#### What you will do:
Make an exact copy of the lines from the one containing "Pearson eText with" through the end of the records below, and leave out every picture.

#### Records for the exercise:
================================
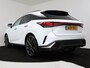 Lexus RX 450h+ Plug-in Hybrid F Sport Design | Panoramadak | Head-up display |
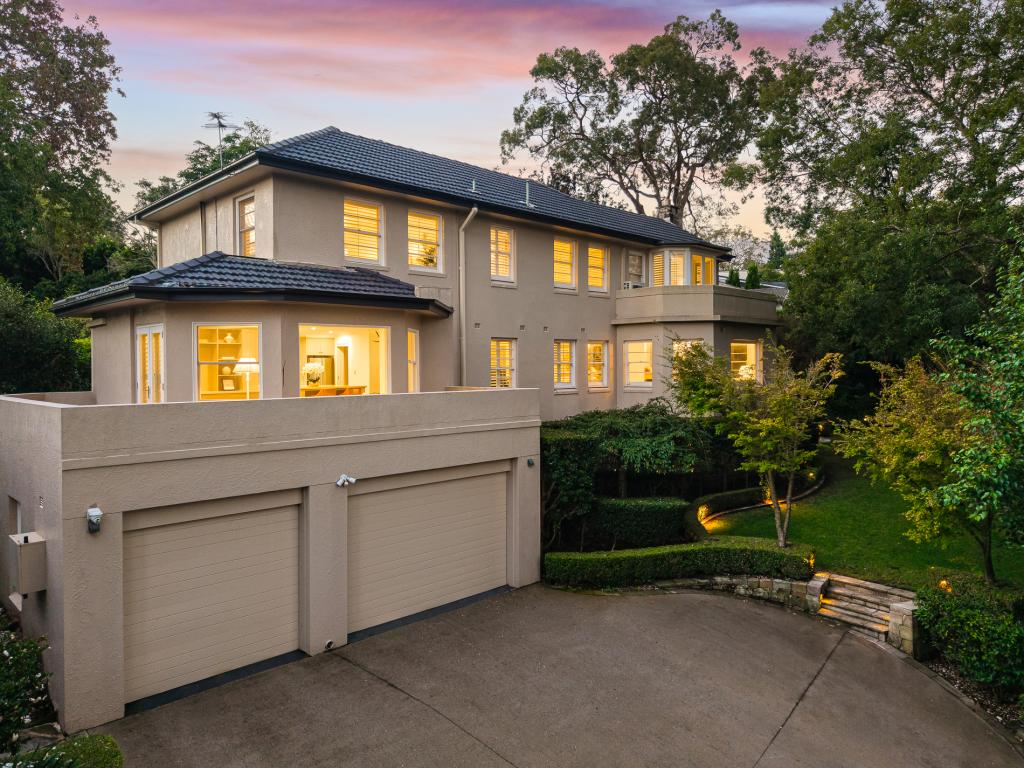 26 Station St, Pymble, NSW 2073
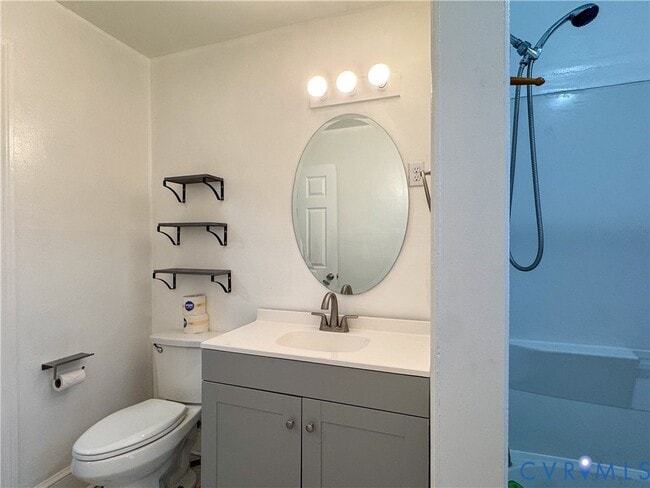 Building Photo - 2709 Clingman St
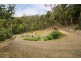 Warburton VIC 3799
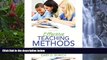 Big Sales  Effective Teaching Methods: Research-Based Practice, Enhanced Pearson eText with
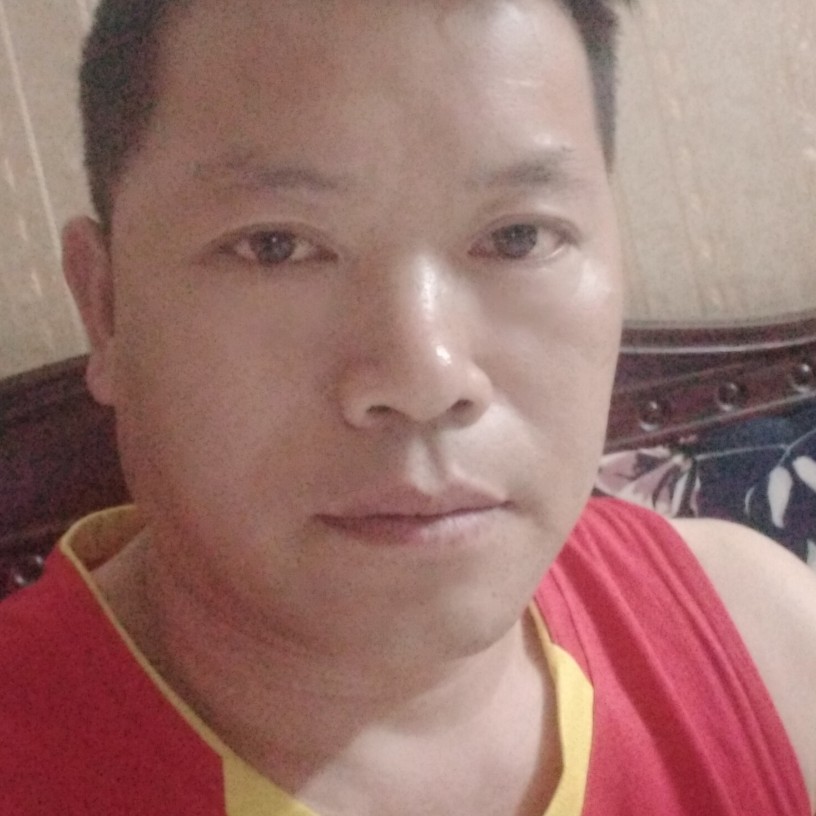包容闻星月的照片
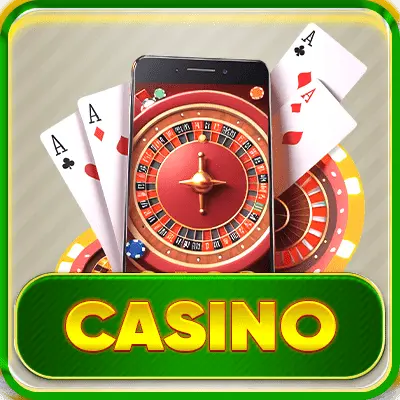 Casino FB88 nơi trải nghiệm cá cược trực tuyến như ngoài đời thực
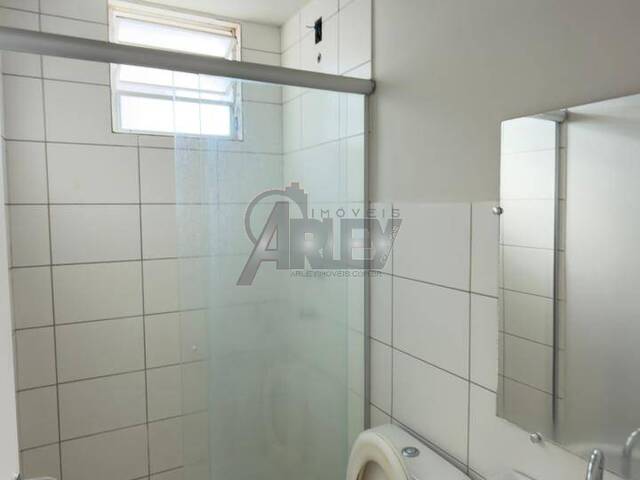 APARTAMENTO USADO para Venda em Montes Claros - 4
================================
#### Solution:
 Big Sales  Effective Teaching Methods: Research-Based Practice, Enhanced Pearson eText with
包容闻星月的照片
 Casino FB88 nơi trải nghiệm cá cược trực tuyến như ngoài đời thực
 APARTAMENTO USADO para Venda em Montes Claros - 4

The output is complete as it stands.